The answer is .. EQUITY MARKETS…
A good chunk of NPAs are getting converted into shares and banks will only recover the NPAs if the equity markets are buoyant
Investors are pouring money into mutual funds and SIPs because FD returns are not attractive. Real estate returns also have been subdued to negative for the past many years.
20% of the money lying in Provident fund accounts will find its way into the stock markets
DIIs are pumping money in the stock market and earning handsomely as well. FIIs are following suit.
The stock markets are rising like crazy and today it does seem that though the party may pause at some point in time, it will not stop.

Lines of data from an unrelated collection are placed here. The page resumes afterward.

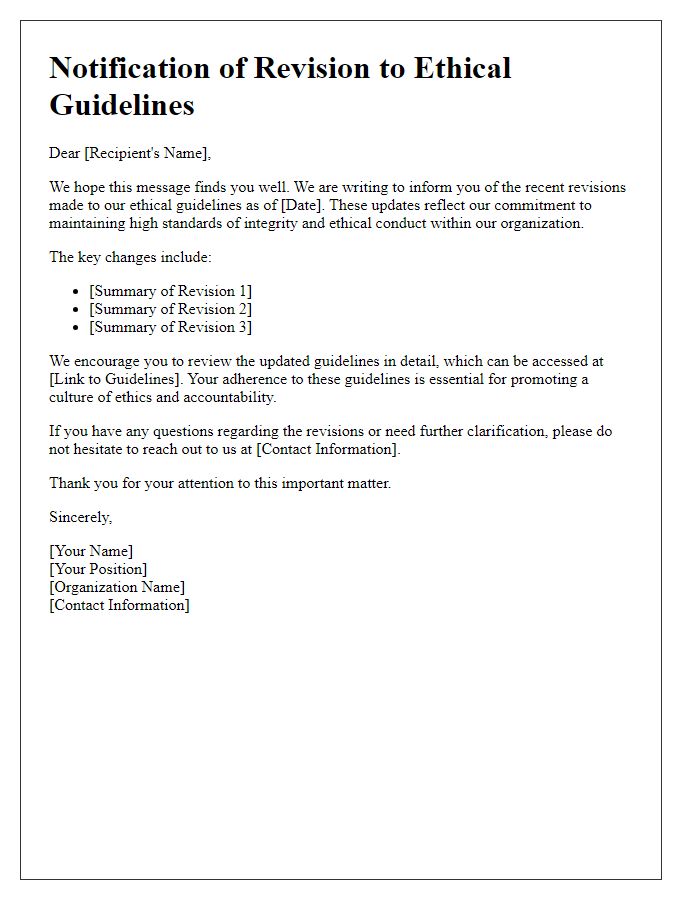 Letter template of ethical guidelines revision notification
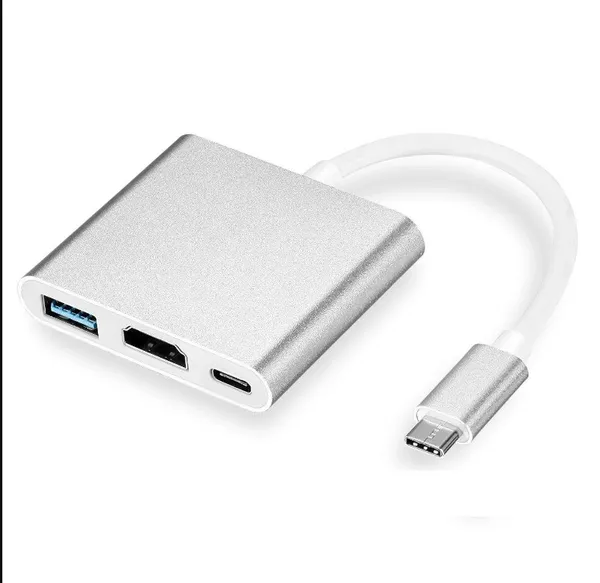 Conectores de adaptador de carga 3 en 1 tipo C a HDMI compatible USB 3.0 USB-C 3.1 Hub para Mac Air Pro Huawei Mate10 Samsung S8 Plus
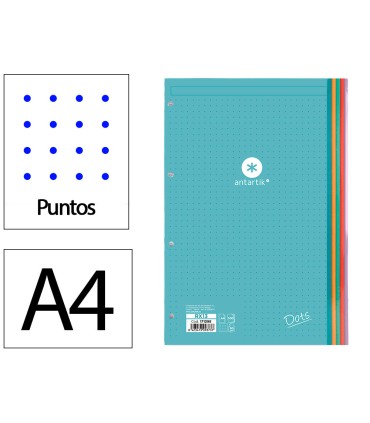 Recambio liderpapel antartik dots a4 100 hojas 90g m2 rayado puntos 4 taladros bandas de 5 colores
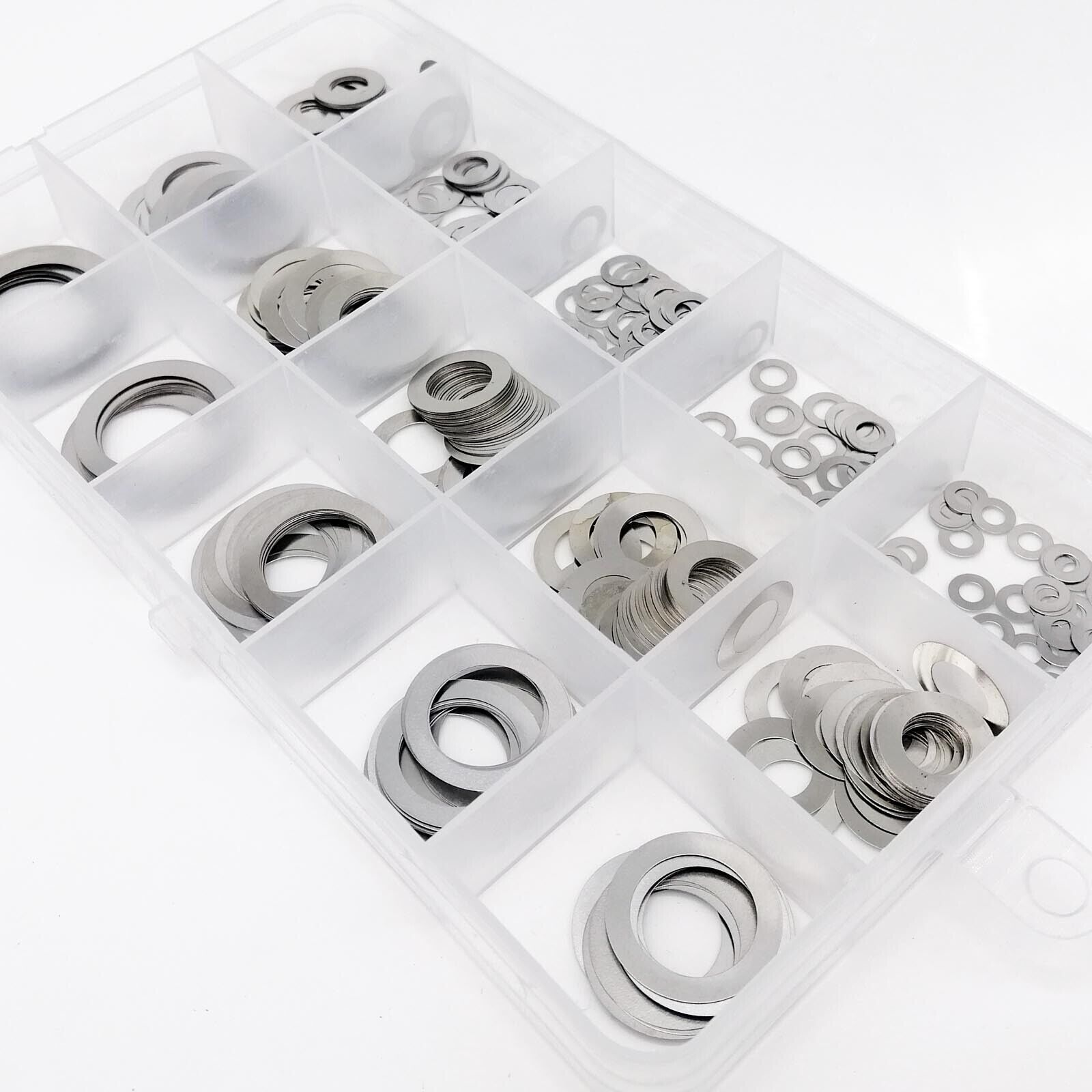 600pcs M3-M20 304 Thin Flat Washer Adjusting Shim Plain Gasket Kit Set 0.1mm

.. BUT the social and cultural engineering can throw a spanner in the works..
Though the Modi’s government economic vision looks good on paper (demonetization set us back by 8 months, but it’s done with), the real bugbear can be the BJP’s pique with the minorities and the cultural engineering (eat this, worship that, etc.) that is being squeezed into the system.
If this gets out of hand, then the economic reforms can go for a toss. Modi would do well to curb the loose elements in his party that are running amok.
To sum up
Things look good on paper though the economic plans of the Modi government appear long term, and it does appear that public patience is wearing thin.
The social and cultural engineering also could play spoiler.
Let us hope the government can steer things right and take India forward.
As far as the stock markets go, it does seem like a good plan to stay invested and get into companies that will benefit from the reforms (as above) and from government spending. A black swan also could screw up the stock market.